→ TO DO
Without any pictures, the records below should be reproduced exactly.

*** Opening EXERCISE INPUTS ***

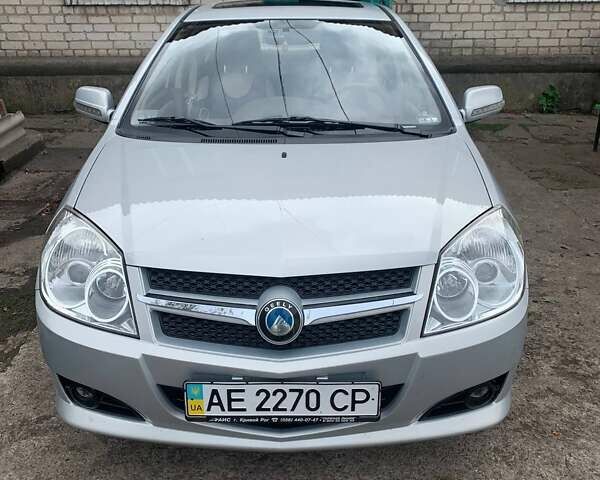 Сірий Джилі МК, об'ємом двигуна 1.59 л та пробігом 94 тис. км за 4000 $, фото 1 на Automoto.ua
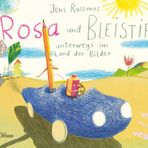 Rosa und Bleistift - Unterwegs im Land der Bilder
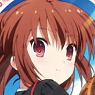 [Little Busters! -Refrain-] Key Ring [Natsume Rin] (Anime Toy)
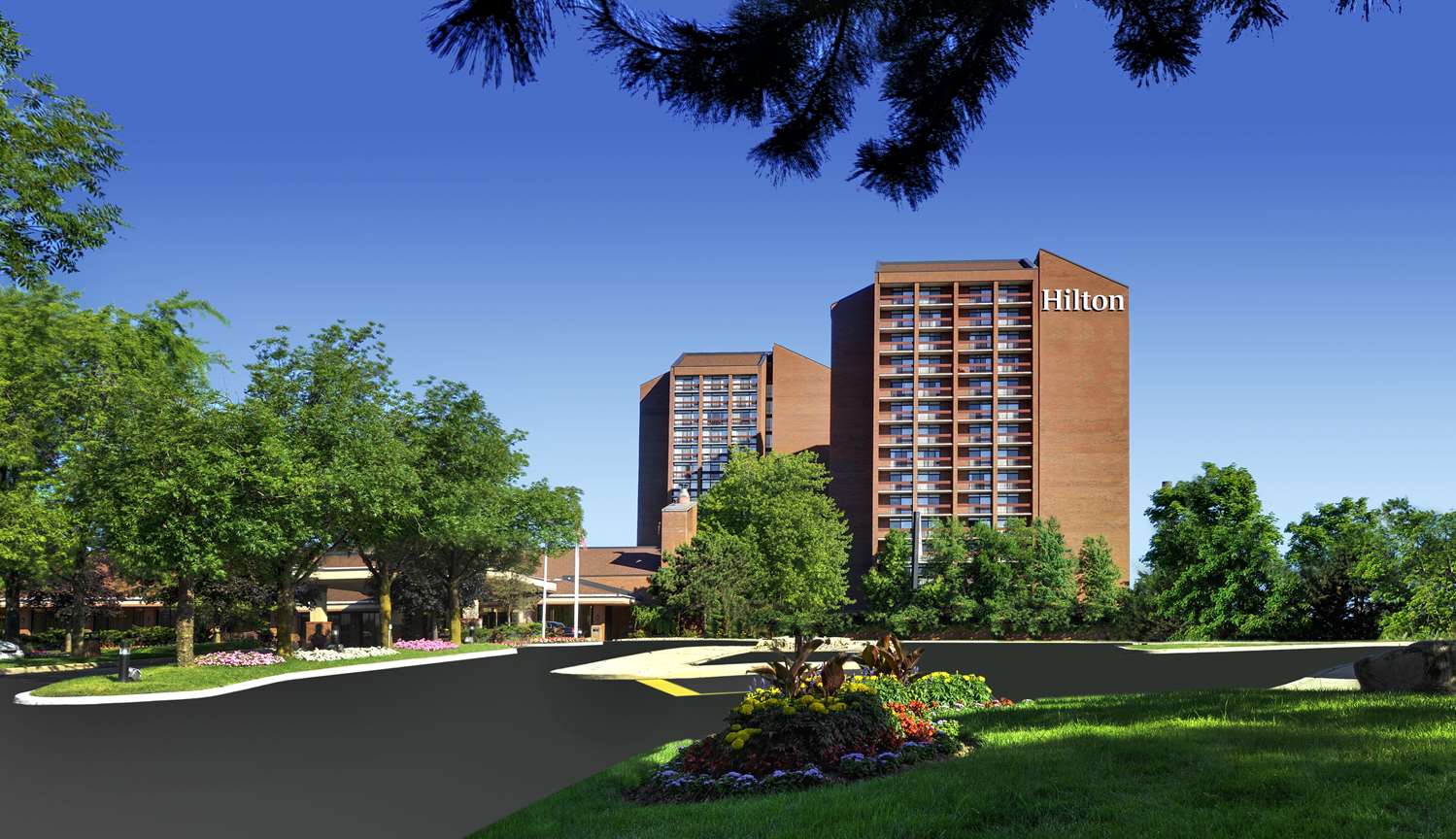 Hilton Mississauga Meadowvale 1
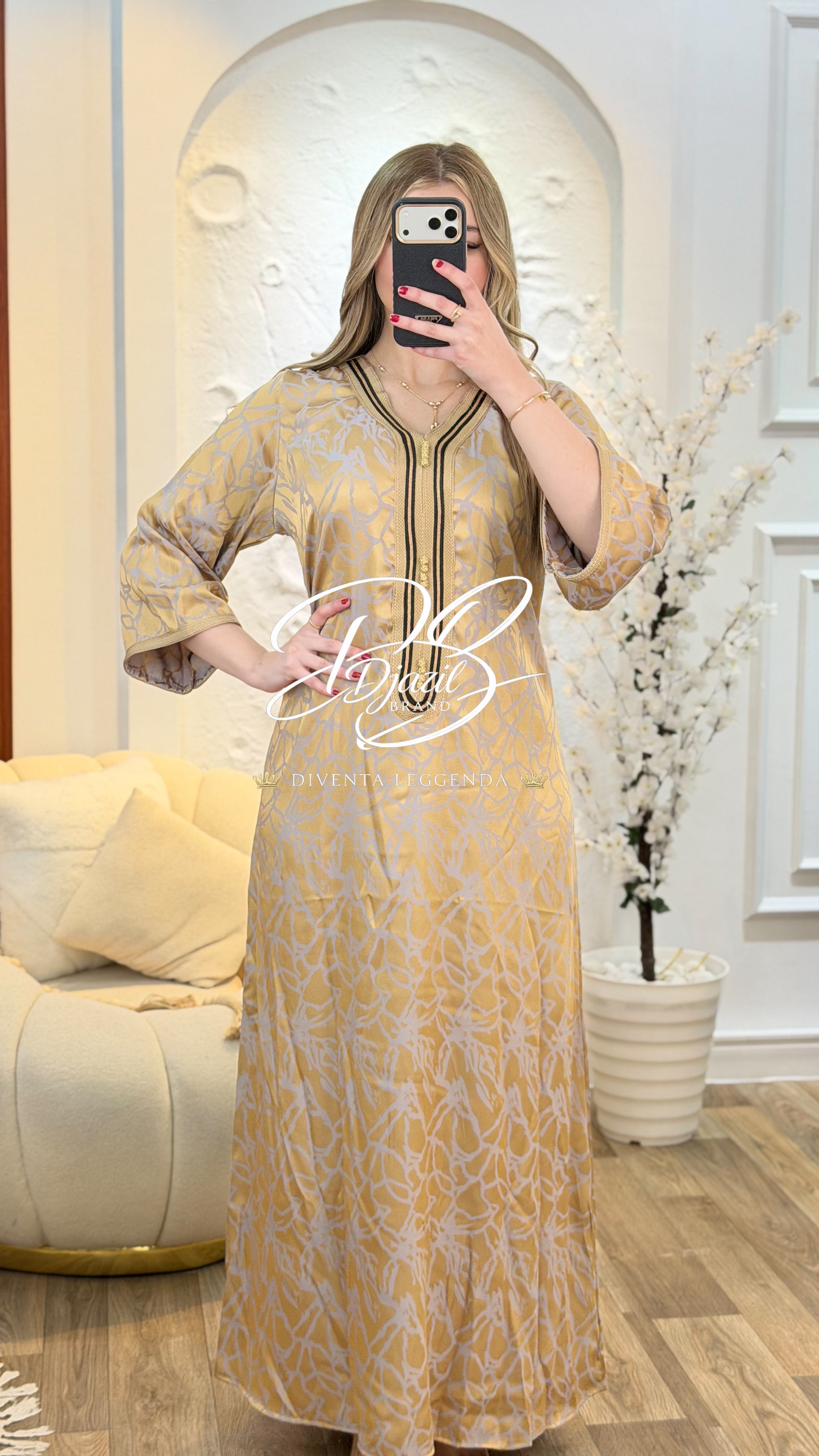 Robe Paillage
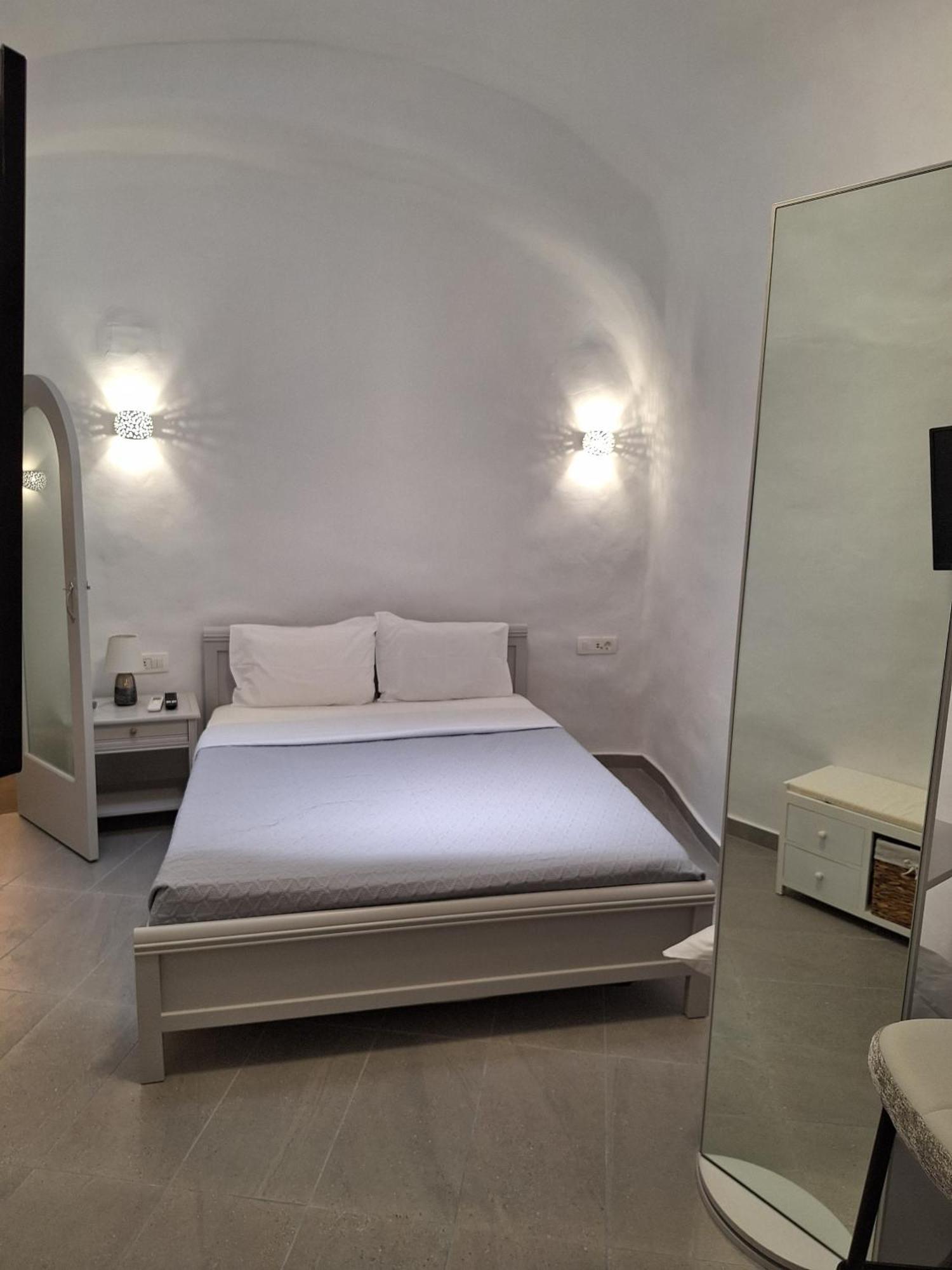 Anamnesis City Spa Fira (Santorini) Exterior foto
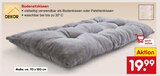 Bodensitzkissen Angebote bei Netto Marken-Discount Kaufbeuren für 19,99 €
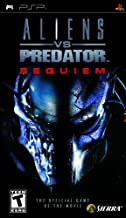 Aliens vs Predator Requiem - PSP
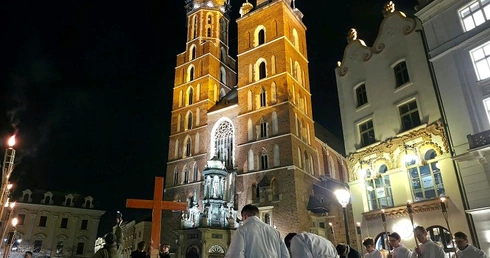 Akademicka Droga Krzyżowa 2026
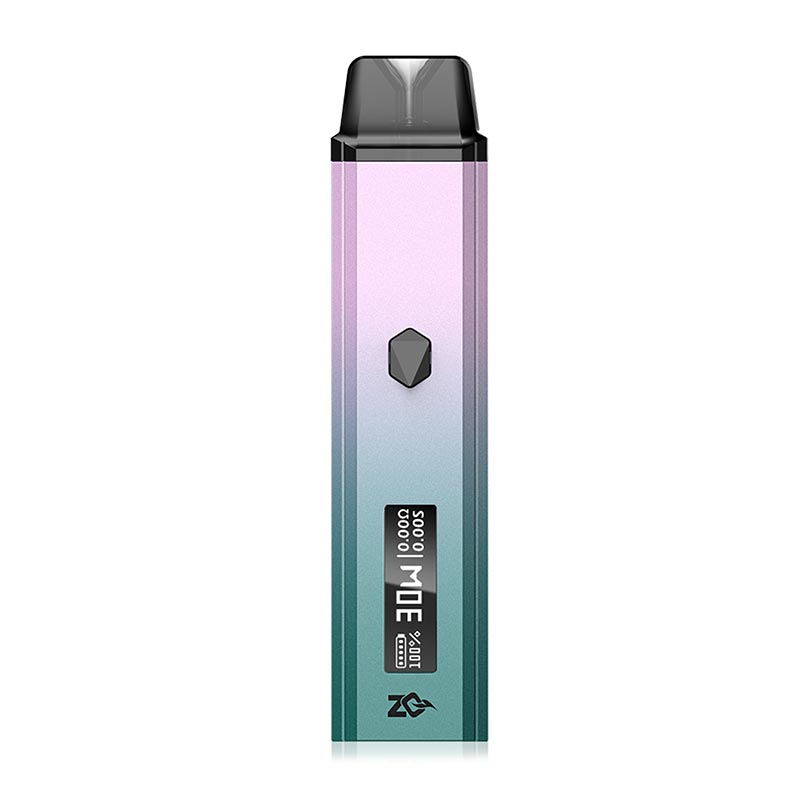 ZQ XTAL Pro Pod System Kit 1000mAh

*** Closing EXERCISE INPUTS ***

→ REPLY TO THE EXERCISE
 Сірий Джилі МК, об'ємом двигуна 1.59 л та пробігом 94 тис. км за 4000 $, фото 1 на Automoto.ua
 Rosa und Bleistift - Unterwegs im Land der Bilder
 [Little Busters! -Refrain-] Key Ring [Natsume Rin] (Anime Toy)
 Hilton Mississauga Meadowvale 1
 Robe Paillage
 Anamnesis City Spa Fira (Santorini) Exterior foto
 Bodensitzkissen Angebote bei Netto Marken-Discount Kaufbeuren für 19,99 €
 Aliens vs Predator Requiem - PSP
 Akademicka Droga Krzyżowa 2026
 ZQ XTAL Pro Pod System Kit 1000mAh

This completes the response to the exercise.